From d306b92edcbca3afec24370b3b25d41dbf556cff Mon Sep 17 00:00:00 2001
From: =?UTF-8?q?Carlo=20Marcelo=20Arenas=20Bel=C3=B3n?= <carenas@gmail.com>
Date: Fri, 6 Jan 2023 20:40:07 -0800
Subject: [PATCH] pcre: use UTF only when available in the library

Before this change, if linked with a PCRE library without unicode
any invocations of grep when using a UTF locale will error with:

  grep: this version of PCRE2 does not have Unicode support

* src/pcresearch.c: Check whether Unicode was compiled in.
* tests/pcre-utf8-w: Add check to skip test.
* tests/pcre-utf8: Update check.
---
 src/pcresearch.c  | 4 +++-
 tests/pcre-utf8   | 2 +-
 tests/pcre-utf8-w | 5 ++++-
 3 files changed, 8 insertions(+), 3 deletions(-)
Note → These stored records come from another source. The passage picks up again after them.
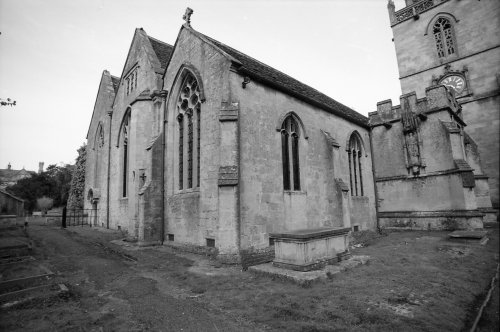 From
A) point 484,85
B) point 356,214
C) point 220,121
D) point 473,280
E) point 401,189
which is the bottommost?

diff --git a/src/pcresearch.c b/src/pcresearch.c
index 45b67ee..a8034fb 100644
--- a/src/pcresearch.c
+++ b/src/pcresearch.c
@@ -145,7 +145,9 @@ Pcompile (char *pattern, idx_t size, reg_syntax_t ignored, bool exact)
     = pcre2_general_context_create (private_malloc, private_free, NULL);
   pcre2_compile_context *ccontext = pcre2_compile_context_create (gcontext);

-  if (localeinfo.multibyte)
+  uint32_t unicode = 1;
+  pcre2_config (PCRE2_CONFIG_UNICODE, &unicode);
+  if (unicode && localeinfo.multibyte)
     {
       if (! localeinfo.using_utf8)
         die (EXIT_TROUBLE, 0, _("-P supports only unibyte and UTF-8 locales"));
diff --git a/tests/pcre-utf8 b/tests/pcre-utf8
index 1b3b2d3..4d97e69 100755
--- a/tests/pcre-utf8
+++ b/tests/pcre-utf8
@@ -14,7 +14,7 @@ LC_ALL=en_US.UTF-8 require_pcre_
 fail=0

 echo '$' | LC_ALL=en_US.UTF-8 grep -qP '\p{S}' \
-  || skip_ 'PCRE support is compiled out, or it does not support properties'
+  || skip_ 'PCRE unicode support is compiled out'

 euro='\342\202\254 euro'
 printf "$euro\\n" > in || framework_failure_
diff --git a/tests/pcre-utf8-w b/tests/pcre-utf8-w
index 4cd7db6..81ac9ff 100755
--- a/tests/pcre-utf8-w
+++ b/tests/pcre-utf8-w
@@ -13,9 +13,12 @@ LC_ALL=en_US.UTF-8
 export LC_ALL
 require_pcre_

+echo . | grep -qP '(*UTF).' 2>/dev/null \
+  || skip_ 'PCRE unicode support is compiled out'
+
 fail=0

-echo 'Perú'> in || framework_failure_
+echo 'Perú' > in || framework_failure_

 echo 'ú' > exp || framework_failure_
 grep -Po '.\b' in > out || fail=1
-- 
2.39.0.132.g8a4e8f6a67